El escritor gira la cadera sobre su asiento una vez más y vuelve a revolotear los libros y papeles; esta vez me muestra el borrador de su último trabajo: “Arequipa, la lámpara incandescente”, un paquete de hojas impresas y anilladas como si se tratara de un trabajo universitario que espera publicar en los primeros meses del próximo año. Se acomoda los anteojos de lunas ligeramente ahumadas y empieza a leer citas del Marqués de Sade, de Maupassant, de García Márquez. Es un libro que lo es todo, dice. Novela, memorias, un curso práctico de literatura. Todo a la vez. Es el primero de varios tomos. Aún no sabe cuántos. Un trabajo de largo aliento que lo mantendrá ocupado por los próximos años.

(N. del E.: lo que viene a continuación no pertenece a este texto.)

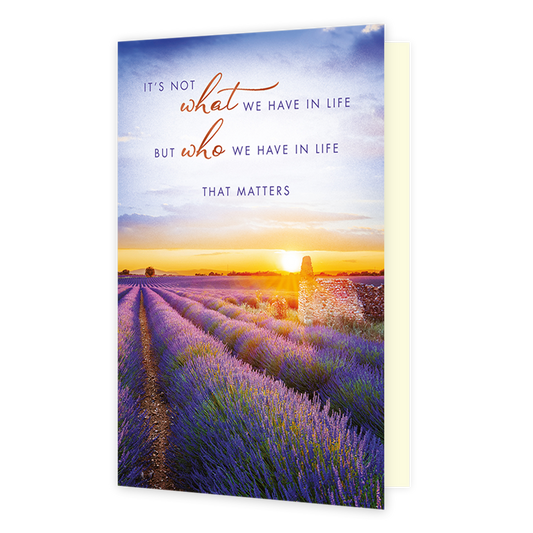 It's not what we have in life - Formaat: Standaard - Vorm: Staand - Vriendschapskaart - Op deze wenskaart staat een uitgestrekt, paars bloeiend lavendelveld met een stenen ruïne onder een warme zonsondergang. Boven het landschap staat de tekst "IT'S NOT what WE HAVE IN LIFE BUT who WE HAVE IN LIFE THAT MATTERS" in een combinatie van sierlijke oranje letters en strakke blauwe hoofdletters. De gouden lichtinval van de zon die achter de horizon verdwijnt, verlicht het veld en de lucht op een sfeervolle manier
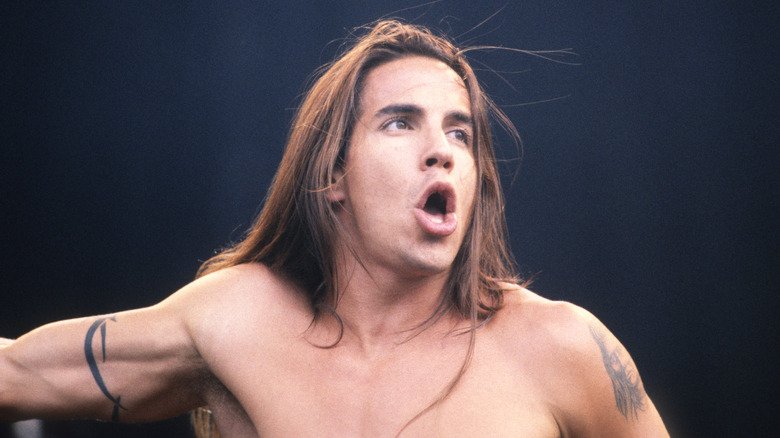 Red Hot Chili Peppers' Anthony Kiedis pulling a face on stage in Belgium in 1992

“¿Sabes que a mí me gusta terminar siempre mis libros con una escena fuerte, que sacuda?”. Vuelve a entornar la mirada y lee un pasaje que sitúa al narrador en Piura. En primera persona, el narrador cuenta que está yendo a una conferencia sobre el plan lector y, de pronto, lo detiene una escena de zoofilia en plena calle. Un niño de unos nueve años está masturbando un perro y de pronto empieza a copular con el animal, ante la mirada asombrada de los transeúntes. Cuando termina la cópula, el narrador ve alejarse al protagonista reblandido por la inocencia de la niñez. “¡A la mierda!”, grita riéndose inesperadamente el escritor, mientras aún no logro reponerme de la perturbadora escena. Reynoso ya se encuentra dándome la mano y yo despidiéndome. Así de repente; tan inesperado como un escritor sin biblioteca.